## Goal of the exercise
The lines in the listing below are to be given again exactly, starting at the line holding "Butterfly Necklace +" and ending at the line holding "GE Healthcare GE". Do not include pictures.

(Data shown begins)

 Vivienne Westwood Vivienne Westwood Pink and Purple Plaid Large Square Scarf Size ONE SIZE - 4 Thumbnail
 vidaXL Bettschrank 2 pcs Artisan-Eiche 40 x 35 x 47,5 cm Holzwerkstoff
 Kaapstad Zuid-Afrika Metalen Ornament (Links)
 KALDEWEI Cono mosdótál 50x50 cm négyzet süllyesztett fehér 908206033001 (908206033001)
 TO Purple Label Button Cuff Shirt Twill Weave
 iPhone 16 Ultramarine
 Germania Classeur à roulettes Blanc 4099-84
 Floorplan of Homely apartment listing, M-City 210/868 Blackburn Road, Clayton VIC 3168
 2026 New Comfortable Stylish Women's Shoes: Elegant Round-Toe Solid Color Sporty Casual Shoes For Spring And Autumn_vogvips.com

(Data shown ends)
(Data shown begins)

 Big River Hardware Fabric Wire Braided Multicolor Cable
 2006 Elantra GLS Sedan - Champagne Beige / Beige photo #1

(Data shown ends)
(Data shown begins)

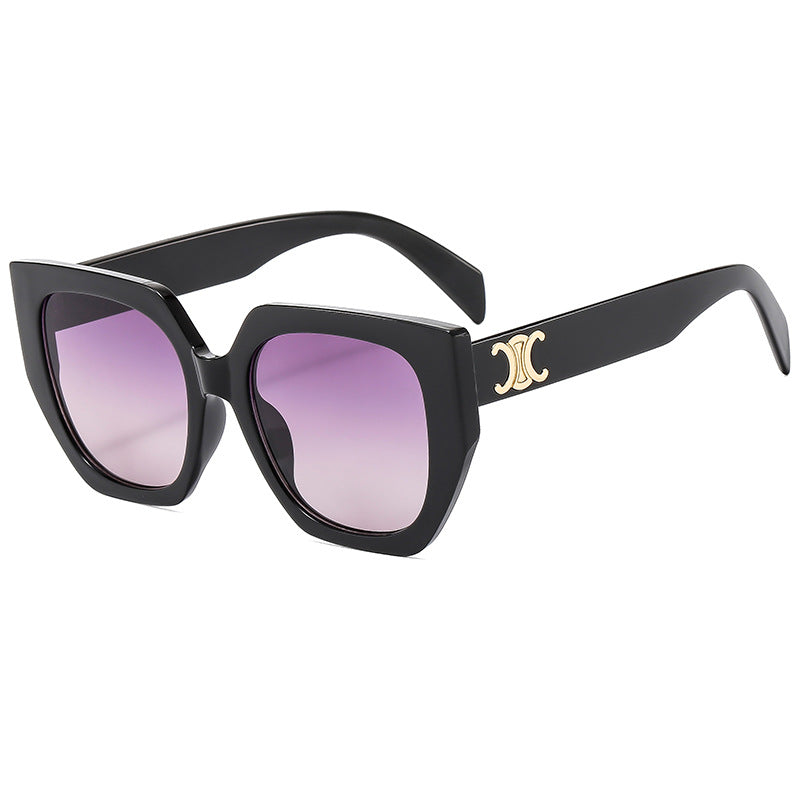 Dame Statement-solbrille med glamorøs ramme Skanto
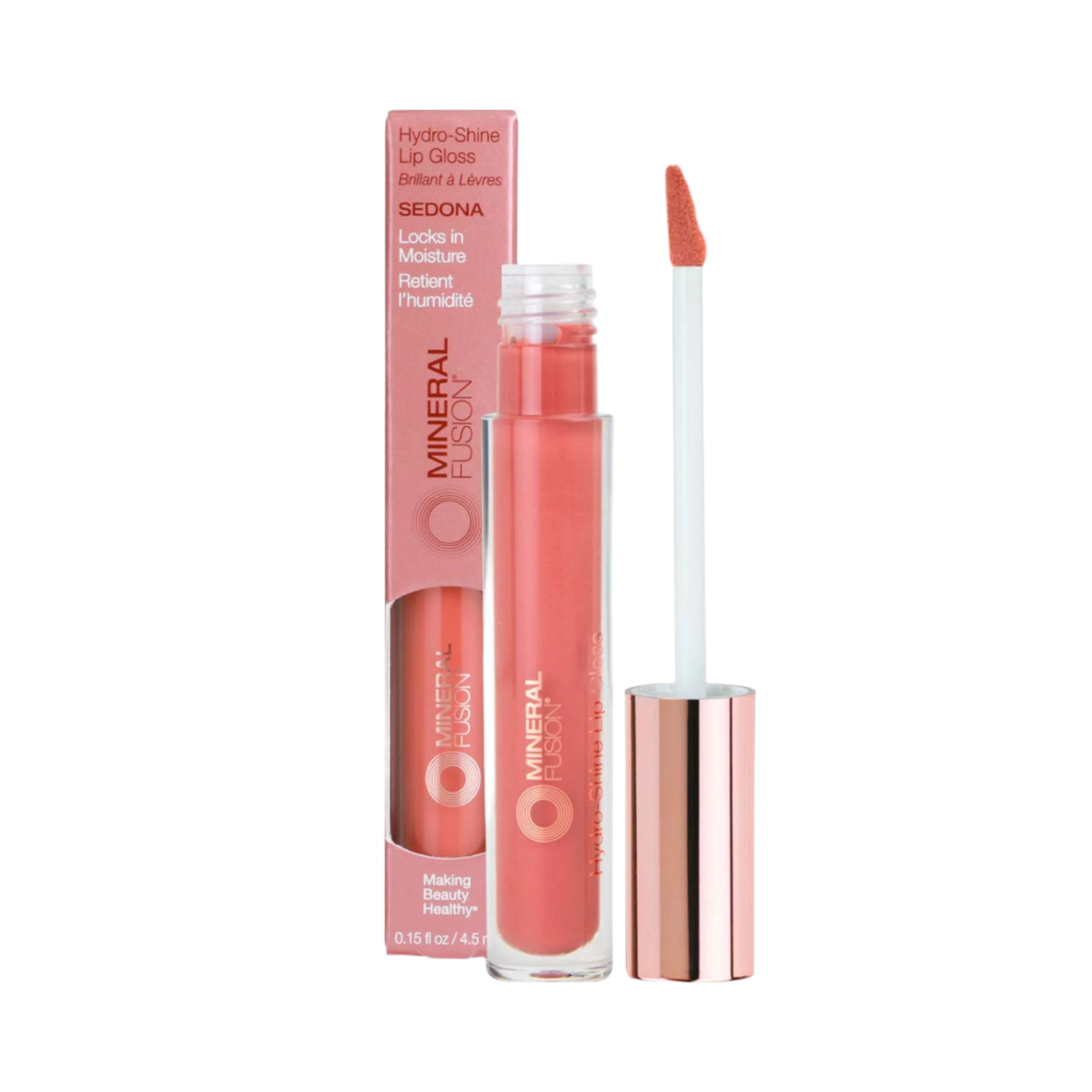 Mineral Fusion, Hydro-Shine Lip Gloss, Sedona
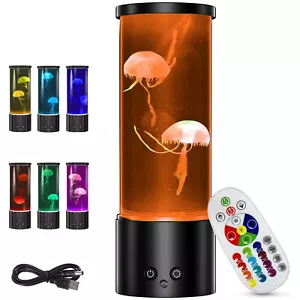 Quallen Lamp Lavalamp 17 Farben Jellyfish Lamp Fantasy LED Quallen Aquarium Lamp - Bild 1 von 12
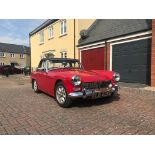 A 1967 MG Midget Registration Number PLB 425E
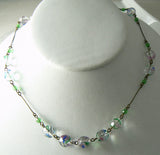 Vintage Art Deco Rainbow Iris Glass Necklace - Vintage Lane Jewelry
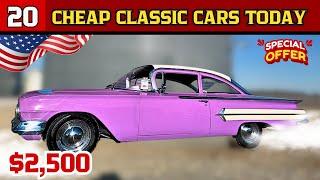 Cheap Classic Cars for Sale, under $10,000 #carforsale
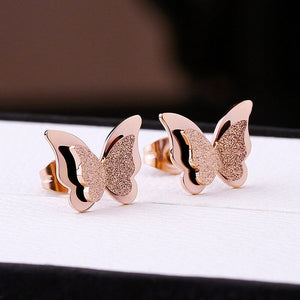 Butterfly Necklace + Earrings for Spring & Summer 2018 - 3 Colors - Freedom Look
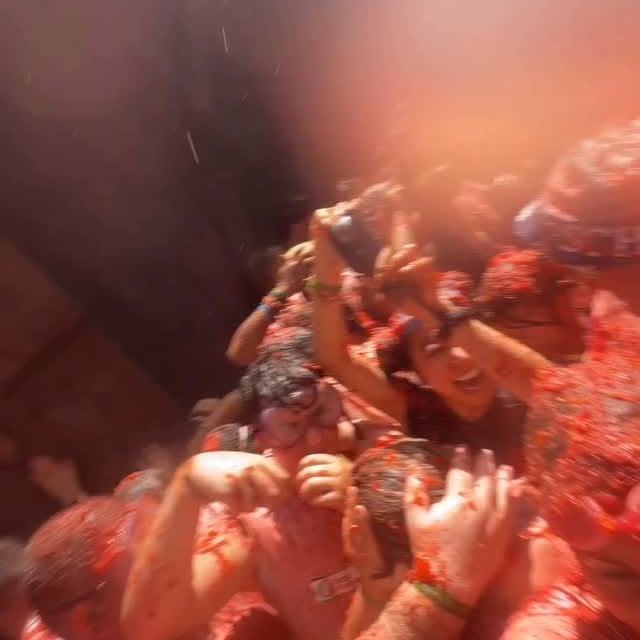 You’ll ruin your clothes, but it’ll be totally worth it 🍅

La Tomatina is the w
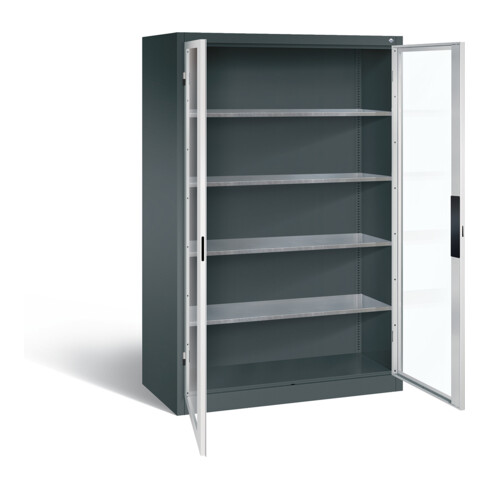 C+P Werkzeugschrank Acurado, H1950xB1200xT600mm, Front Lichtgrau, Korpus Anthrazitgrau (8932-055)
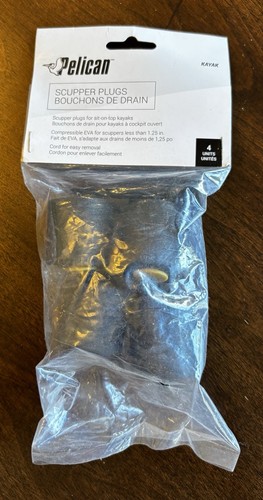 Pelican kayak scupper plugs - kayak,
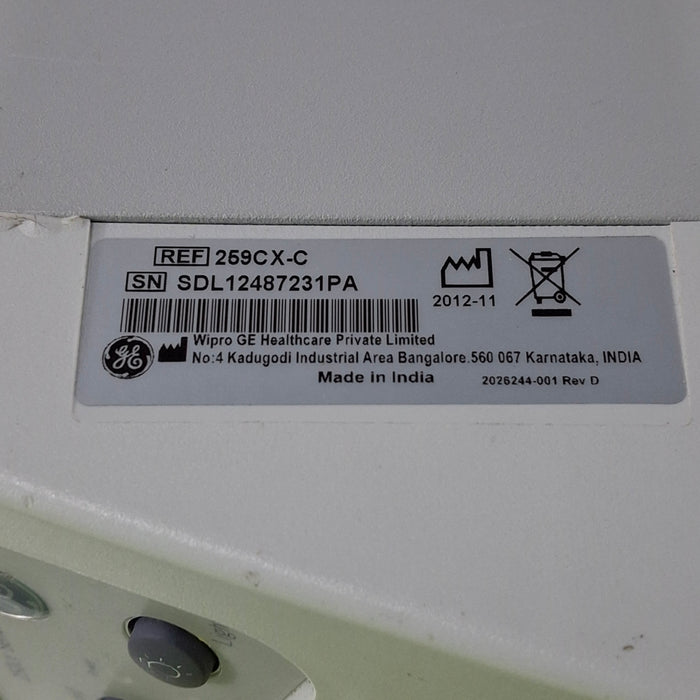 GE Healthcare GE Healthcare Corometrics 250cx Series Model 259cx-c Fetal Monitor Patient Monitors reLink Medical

(Data shown ends)

## Written response
 Butterfly Necklace + Earrings for Spring & Summer 2018 - 3 Colors - Freedom Look
 You’ll ruin your clothes, but it’ll be totally worth it 🍅

La Tomatina is the w
 C+P Werkzeugschrank Acurado, H1950xB1200xT600mm, Front Lichtgrau, Korpus Anthrazitgrau (8932-055)
 Pelican kayak scupper plugs - kayak,
 GE Healthcare GE Healthcare Corometrics 250cx Series Model 259cx-c Fetal Monitor Patient Monitors reLink Medical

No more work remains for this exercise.